The Pogo was difficult to fly vertically in close proximity to the ground. Prop-wash interaction with the aircraft and ground plane being the chief culprit. Even more difficult was the transition from vertical to horizontal flight and back again. It was particularly challenging to land the aircraft as the pilot had to look over his shoulder and “back down” to a landing.
The XFY-1 pilot sat in a seat that rotated to accommodate vertical and horizontal flight attitudes as appropriate. Pilot cockpit entry was via a 25-foot auxiliary ladder. Interestingly, the pilot was provided with a 25-foot rope for emergency egress during ground operations.
James F. “Skeets” Coleman was Convair’s project test pilot for XFY-1 flight tests. Coleman began tethered flight testing of the aircraft on Thursday, 29 April 1954 at NAS Moffett Field, California. Roughly 60 hours of tethered-flight testing took place within Moffett’s cavernous Hanger Number One. With a ceiling height of 195 feet, the building provided ample room for initial XFY-1 vertical flight testing.
On Sunday, 01 August 1954, Coleman made the first untethered XFY-1 flight test in the vertical. Following several more successful vertical take-off and landing trials, XFY-1 flight test activities were transferred to NAS Brown Field near San Diego, California. There, Coleman intently practiced (making 70 flights overall) in anticipation of the first attempt to transition the XFY-1 from vertical to horizontal flight.
On Tuesday, 02 November 1954, with Skeets Coleman at the controls, the XFY-1 lifted-off in the vertical from Brown Field. Coleman then carefully and skillfully transitioned the XFY-1 to horizontal flight for the first time. In 21 minutes of horizontal flight, Coleman put the nimble XFY-1 through its paces. The Pogo’s big Allison turboprop had power to spare as Coleman hit airspeeds well in excess of 300 mph.

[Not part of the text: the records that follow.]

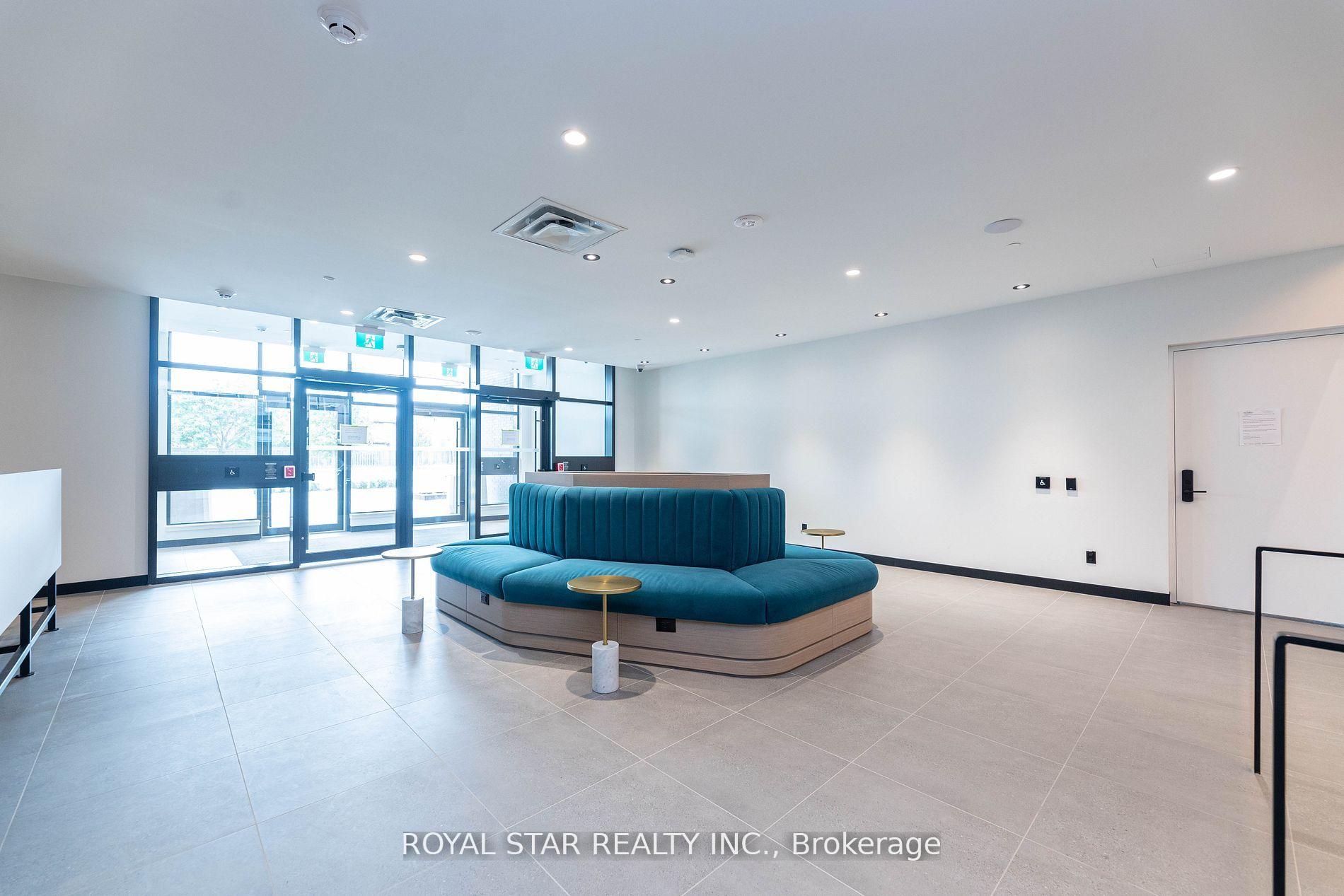 2 Bedrooms Condo at 7950 Bathurst, Vaughan For sale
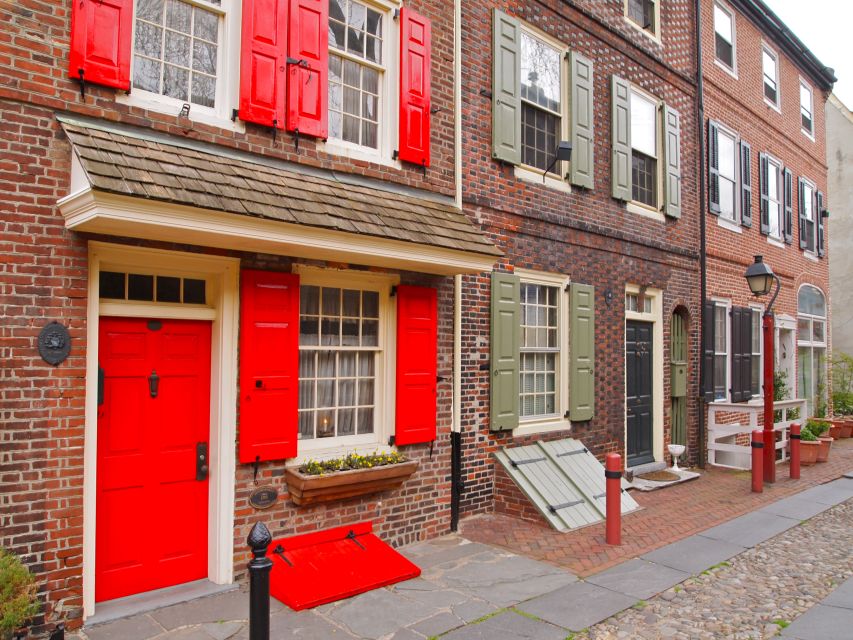 Philadelphia: Grim, Dark, and Twisted History Tour - The site of the first bank robbery in the US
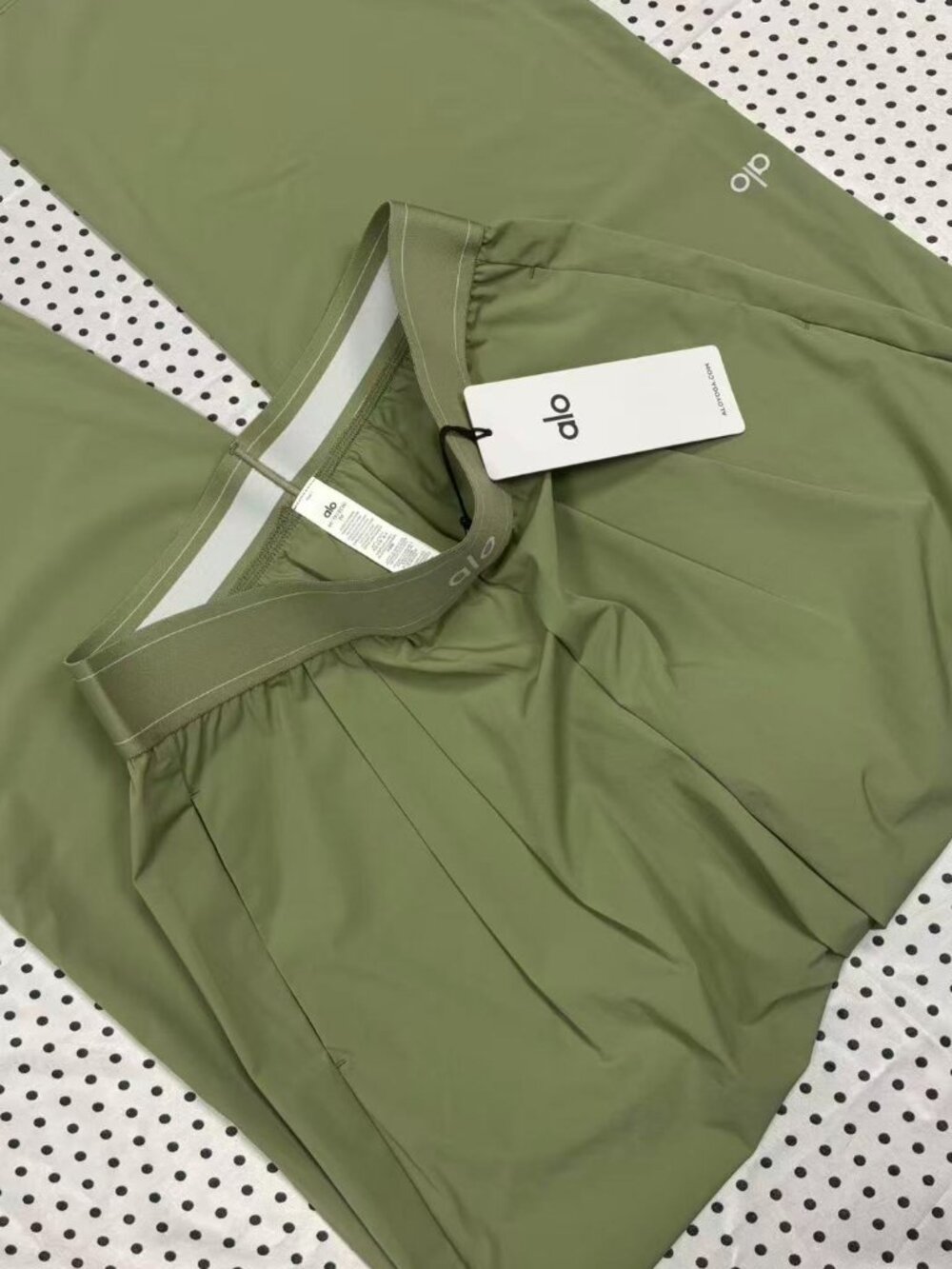 Alo Yoga Dune Grass💚Suit Up Trouser Regular Loose Fit Minimalist and Versatile - Picture 4 of 10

When it was finally time to land the XFY-1, Coleman made a low altitude, minimum power approach and pulled into the vertical. As the aircraft quickly ascended, the airspeed bled-off just as rapidly. Near the top of the climb, Coleman advanced the throttle. The XFY-1 hung in the cool autumn air on the thrust of its twin props alone. The pilot then carefully descended from about 1,000 feet AGL and landed uneventfully.
Skeets Coleman made many more flights in which he demonstrated the Pogo’s VTOL capabilities. However, USN interest in the VTOL concept in general and the XFY-1 aircraft in particular began to wane. While the XFY-1 had indeed demonstrated the feasibility of VTOL flight, it also revealed the operational impracticality of such given the technology of the time.
The Achilles Heel of the Convair XFY-1 VTOL aircraft was the vertical landing phase. The pilot just could not judge rate-of-descent accurately. This was attributed partly to the fact that he had to look over his shoulder throughout the descent. In addition, XFY-1 throttle-induced lateral-directional handling qualities were poor and forced the pilot to work very hard at landing the aircraft even in low-wind conditions.
Skeets Coleman made the last flight of the XFY-1 experimental aircraft on Thursday, 16 June 1955. For his significant piloting efforts in successfully demonstrating the feasibility of the VTOL concept, he received the 1954 Harmon Trophy. The lone Convair XFY-1 Pogo test aircraft survived the flight test program and is currently held in the historical collection of the National Air and Space Museum.